Records from a dataset
.....

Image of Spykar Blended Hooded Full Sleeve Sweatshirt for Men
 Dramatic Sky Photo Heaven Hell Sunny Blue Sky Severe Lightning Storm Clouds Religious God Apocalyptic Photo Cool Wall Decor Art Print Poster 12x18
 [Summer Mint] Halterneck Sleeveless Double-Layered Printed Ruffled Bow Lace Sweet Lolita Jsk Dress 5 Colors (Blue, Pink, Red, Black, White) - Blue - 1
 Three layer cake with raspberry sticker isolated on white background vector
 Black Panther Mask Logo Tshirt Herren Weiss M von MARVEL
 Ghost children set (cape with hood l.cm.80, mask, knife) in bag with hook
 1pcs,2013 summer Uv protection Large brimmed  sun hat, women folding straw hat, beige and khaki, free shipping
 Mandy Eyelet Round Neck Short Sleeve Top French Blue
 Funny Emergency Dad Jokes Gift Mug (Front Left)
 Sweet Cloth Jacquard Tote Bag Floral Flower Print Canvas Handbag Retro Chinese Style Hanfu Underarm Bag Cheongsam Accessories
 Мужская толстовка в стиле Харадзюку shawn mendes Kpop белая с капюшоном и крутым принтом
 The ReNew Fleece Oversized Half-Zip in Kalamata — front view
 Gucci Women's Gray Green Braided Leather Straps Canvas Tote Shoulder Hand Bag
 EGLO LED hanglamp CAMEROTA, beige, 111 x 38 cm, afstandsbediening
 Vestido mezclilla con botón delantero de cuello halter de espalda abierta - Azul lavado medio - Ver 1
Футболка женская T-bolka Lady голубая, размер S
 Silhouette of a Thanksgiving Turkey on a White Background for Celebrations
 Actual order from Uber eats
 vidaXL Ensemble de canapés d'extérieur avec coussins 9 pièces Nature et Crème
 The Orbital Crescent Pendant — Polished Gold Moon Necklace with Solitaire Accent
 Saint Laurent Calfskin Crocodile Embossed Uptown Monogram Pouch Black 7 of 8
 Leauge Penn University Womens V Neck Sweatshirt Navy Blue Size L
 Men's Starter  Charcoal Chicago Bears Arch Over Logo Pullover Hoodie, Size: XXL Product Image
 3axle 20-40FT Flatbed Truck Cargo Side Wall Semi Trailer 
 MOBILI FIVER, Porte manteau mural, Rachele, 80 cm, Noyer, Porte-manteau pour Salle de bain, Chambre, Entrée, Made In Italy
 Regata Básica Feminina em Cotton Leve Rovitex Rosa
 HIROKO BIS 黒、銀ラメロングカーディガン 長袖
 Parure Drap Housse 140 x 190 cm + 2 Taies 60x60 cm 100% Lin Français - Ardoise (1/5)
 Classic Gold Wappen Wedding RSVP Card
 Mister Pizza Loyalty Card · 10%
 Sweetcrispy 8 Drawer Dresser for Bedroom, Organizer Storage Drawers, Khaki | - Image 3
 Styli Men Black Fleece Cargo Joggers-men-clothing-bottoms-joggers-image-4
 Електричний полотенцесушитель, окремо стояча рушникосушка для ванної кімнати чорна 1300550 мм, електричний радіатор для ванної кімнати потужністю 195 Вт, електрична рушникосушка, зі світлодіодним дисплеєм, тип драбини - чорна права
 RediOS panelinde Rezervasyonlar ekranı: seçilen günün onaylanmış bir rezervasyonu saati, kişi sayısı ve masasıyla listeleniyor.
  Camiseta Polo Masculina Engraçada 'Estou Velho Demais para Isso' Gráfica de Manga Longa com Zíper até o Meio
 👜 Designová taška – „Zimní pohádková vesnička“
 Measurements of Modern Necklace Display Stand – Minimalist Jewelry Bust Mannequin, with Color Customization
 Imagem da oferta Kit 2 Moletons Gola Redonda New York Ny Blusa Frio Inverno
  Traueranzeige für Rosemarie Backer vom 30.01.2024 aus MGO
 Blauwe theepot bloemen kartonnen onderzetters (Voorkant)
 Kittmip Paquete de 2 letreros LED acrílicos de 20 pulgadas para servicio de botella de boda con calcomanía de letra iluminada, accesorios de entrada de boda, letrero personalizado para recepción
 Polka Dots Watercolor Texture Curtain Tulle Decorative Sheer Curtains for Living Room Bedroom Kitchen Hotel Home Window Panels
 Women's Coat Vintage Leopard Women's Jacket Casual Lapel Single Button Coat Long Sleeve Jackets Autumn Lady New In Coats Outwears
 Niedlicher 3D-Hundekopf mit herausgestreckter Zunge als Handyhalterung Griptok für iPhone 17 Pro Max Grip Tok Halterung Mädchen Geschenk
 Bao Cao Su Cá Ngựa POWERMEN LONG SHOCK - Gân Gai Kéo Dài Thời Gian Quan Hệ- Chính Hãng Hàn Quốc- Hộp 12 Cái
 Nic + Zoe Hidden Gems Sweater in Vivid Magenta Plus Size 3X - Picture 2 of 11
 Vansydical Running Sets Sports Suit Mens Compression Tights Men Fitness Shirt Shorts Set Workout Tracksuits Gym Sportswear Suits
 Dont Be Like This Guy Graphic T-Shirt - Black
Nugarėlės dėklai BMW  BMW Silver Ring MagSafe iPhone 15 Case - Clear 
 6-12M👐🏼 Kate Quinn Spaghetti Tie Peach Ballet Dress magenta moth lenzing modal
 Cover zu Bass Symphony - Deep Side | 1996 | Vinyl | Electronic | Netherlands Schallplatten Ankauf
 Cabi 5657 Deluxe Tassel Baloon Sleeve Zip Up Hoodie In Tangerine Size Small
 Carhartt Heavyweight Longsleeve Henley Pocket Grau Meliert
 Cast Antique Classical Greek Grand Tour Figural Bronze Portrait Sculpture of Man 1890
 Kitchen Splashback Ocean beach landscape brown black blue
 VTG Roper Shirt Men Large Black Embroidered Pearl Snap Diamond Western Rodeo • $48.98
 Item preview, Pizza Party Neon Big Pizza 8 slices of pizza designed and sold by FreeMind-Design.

.....

TASK PROMPT: What is wanted is the number of lines holding "Card" in the entries. Nothing else should be given.

ANSWER FOR THE TASK: 2